Nous notons la volonté de mettre l’accent sur l’école inclusive par la création de 4 000 postes d’AESH, mais nous regrettons qu’il ne soit pas envisagé d’augmenter la rémunération de ces derniers. La plupart des AESH sont payés au SMIC en début de carrière et, de fait, il apparaît qu’ils – et surtout elles, car ce sont majoritairement des femmes – sont à temps partiel. Leurs revenus sont donc trop faibles. Leur mission essentielle mériterait d’être revalorisée.
Enfin, cette mission englobe l’enseignement agricole, qui est un vrai atout français même si nous en parlons trop peu. Heureusement, je sais que dans cet hémicycle – les orateurs avant moi l’ont dit – nous y sommes toutes et tous très attachés. Son rôle dans la mise en œuvre de la transition écologique est central, car il est indispensable si nous voulons réussir à inventer un nouveau modèle agricole viable tout en accompagnant et en soutenant pleinement nos agricultrices et nos agriculteurs. Comme pour de nombreux sujets, c’est grâce à l’école que les grandes batailles se gagnent. Ne ratons pas le coche !
De plus, la décennie à venir connaîtra un grand nombre de départs à la retraite dans le monde agricole. Nous devons être en mesure de préparer la relève.
Nous ne pourrons pas relever ces défis sans un enseignement agricole de qualité. Aujourd’hui, cette qualité existe, notamment grâce aux créations de postes intervenues entre 2012 et 2017. Il faut la préserver. Ce budget prévoit la suppression de 80 postes, qui, cumulée aux suppressions précédentes et à venir, porte le total à 300 postes de moins durant votre mandat. En proportion, c’est comme si on supprimait 10 000 postes dans l’éducation nationale : c’est colossal ! Et l’on nous signale déjà des difficultés pour dédoubler les classes lors des travaux pratiques (TP), pour appliquer les différentes réformes et pour parvenir à l’équilibre des budgets des établissements. Si nous ne changeons pas de cap, nous risquons d’atteindre le point de non-retour. J’espère que, lors de nos débats, nous saurons faire les choix nécessaires pour préserver la qualité de l’enseignement agricole.
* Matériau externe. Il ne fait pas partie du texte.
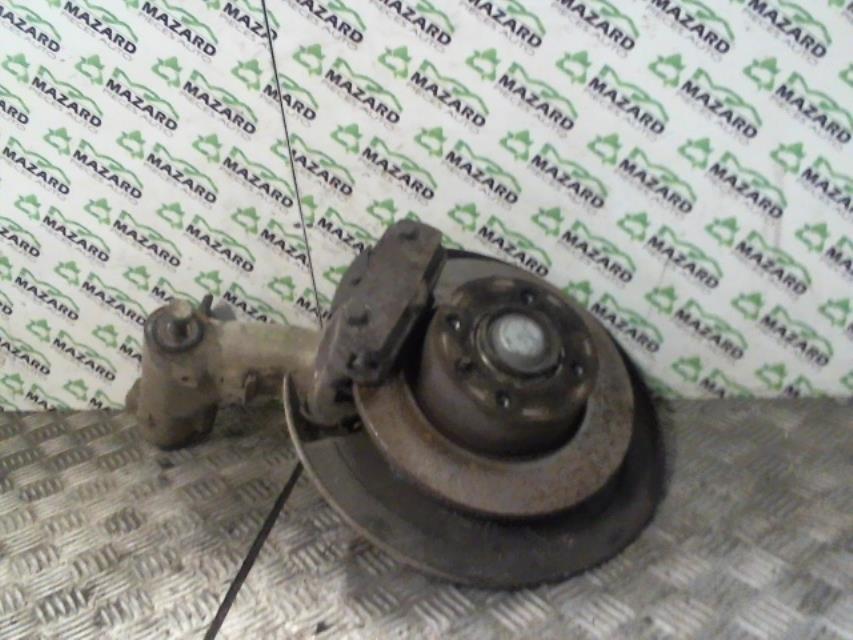 Foto ricambio auto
Monsieur le ministre, mes chers collègues, nous avons relu ensemble la lettre de Jean Jaurès aux instituteurs. Il leur indiquait notamment ceci : « Je sais quelles sont les difficultés de la tâche. Vous gardez vos écoliers peu d’années et ils ne sont point toujours assidus, surtout à la campagne. Ils oublient l’été le peu qu’ils ont appris l’hiver. Ils font souvent, au sortir de l’école, des rechutes profondes d’ignorance et de paresse d’esprit, et je plaindrais ceux d’entre vous qui ont pour l’éducation des enfants du peuple une grande ambition, si cette grande ambition ne supposait un grand courage. »
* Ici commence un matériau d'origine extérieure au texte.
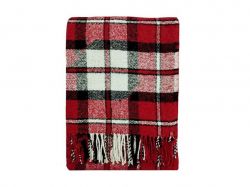  140200 Palermo CROCUS -- VLADI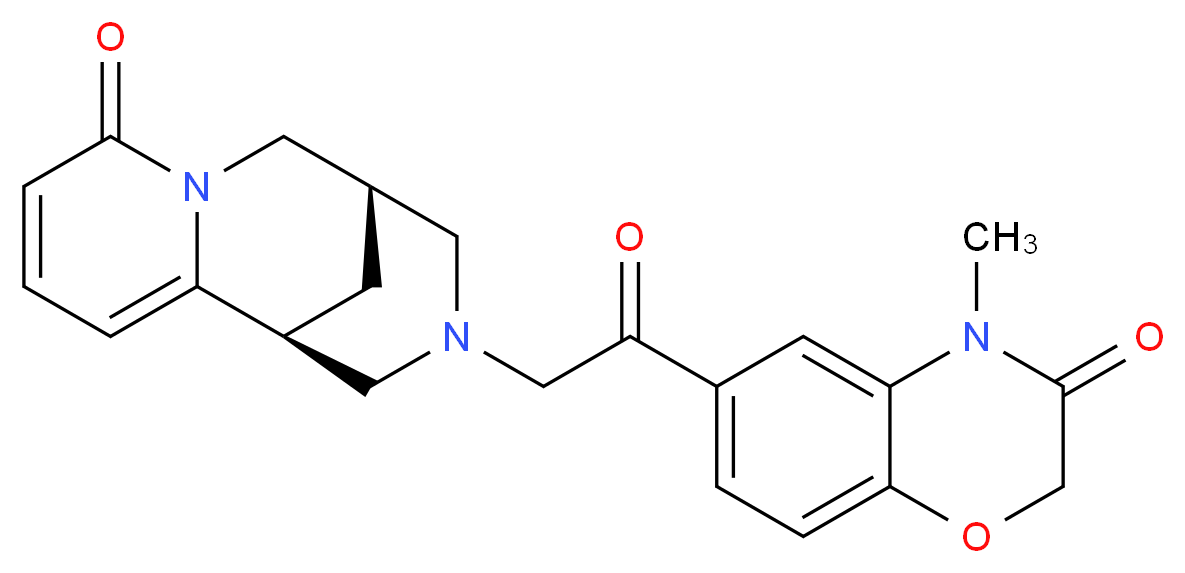 _Molecular_structure_CAS_)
Du courage, les personnels de l’éducation nationale n’en manquent pas ! De la patience, de l’écoute, de la passion et de l’innovation, ils en font preuve chaque jour ! Ce dont ils manquent, monsieur le ministre, c’est de moyens. Ce budget est-il à la hauteur de leur engagement et de leurs besoins au service de nos enfants ? Pour le groupe Socialiste, Écologiste et Républicain, la réponse est : non !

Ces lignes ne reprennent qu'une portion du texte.